_Information supplied:_
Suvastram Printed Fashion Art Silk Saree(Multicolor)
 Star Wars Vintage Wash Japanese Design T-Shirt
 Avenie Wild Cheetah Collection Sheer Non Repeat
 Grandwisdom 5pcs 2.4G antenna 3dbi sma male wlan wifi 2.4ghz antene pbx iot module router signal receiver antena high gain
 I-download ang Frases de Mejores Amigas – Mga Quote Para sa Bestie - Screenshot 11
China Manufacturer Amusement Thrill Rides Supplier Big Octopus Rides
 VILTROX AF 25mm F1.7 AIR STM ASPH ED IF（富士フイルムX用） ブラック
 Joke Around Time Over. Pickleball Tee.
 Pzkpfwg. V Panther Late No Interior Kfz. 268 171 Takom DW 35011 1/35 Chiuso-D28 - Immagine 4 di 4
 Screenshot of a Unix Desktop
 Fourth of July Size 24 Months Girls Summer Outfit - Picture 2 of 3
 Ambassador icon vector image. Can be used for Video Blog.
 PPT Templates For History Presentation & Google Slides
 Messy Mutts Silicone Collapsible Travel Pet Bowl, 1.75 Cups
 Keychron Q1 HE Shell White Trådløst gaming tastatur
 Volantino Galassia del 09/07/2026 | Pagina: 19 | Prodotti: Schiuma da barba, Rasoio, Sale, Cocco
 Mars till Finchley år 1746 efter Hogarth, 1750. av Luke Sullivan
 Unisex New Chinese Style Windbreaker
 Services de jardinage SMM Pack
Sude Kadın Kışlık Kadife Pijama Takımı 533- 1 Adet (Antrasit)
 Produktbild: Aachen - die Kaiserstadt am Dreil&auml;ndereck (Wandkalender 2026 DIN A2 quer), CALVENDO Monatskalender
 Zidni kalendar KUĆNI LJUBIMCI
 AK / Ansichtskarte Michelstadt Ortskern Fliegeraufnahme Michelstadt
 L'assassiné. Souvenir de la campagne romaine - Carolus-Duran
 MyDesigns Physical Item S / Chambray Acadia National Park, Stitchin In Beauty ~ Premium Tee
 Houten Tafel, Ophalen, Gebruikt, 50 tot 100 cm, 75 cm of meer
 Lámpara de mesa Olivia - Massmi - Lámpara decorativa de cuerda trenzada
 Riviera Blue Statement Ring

_Exercise:_ Take the lines above from the one holding "Zidni kalendar KUĆNI LJUBIMCI" to the last and output them exactly.

_Response to this exercise:_
 Zidni kalendar KUĆNI LJUBIMCI
 AK / Ansichtskarte Michelstadt Ortskern Fliegeraufnahme Michelstadt
 L'assassiné. Souvenir de la campagne romaine - Carolus-Duran
 MyDesigns Physical Item S / Chambray Acadia National Park, Stitchin In Beauty ~ Premium Tee
 Houten Tafel, Ophalen, Gebruikt, 50 tot 100 cm, 75 cm of meer
 Lámpara de mesa Olivia - Massmi - Lámpara decorativa de cuerda trenzada
 Riviera Blue Statement Ring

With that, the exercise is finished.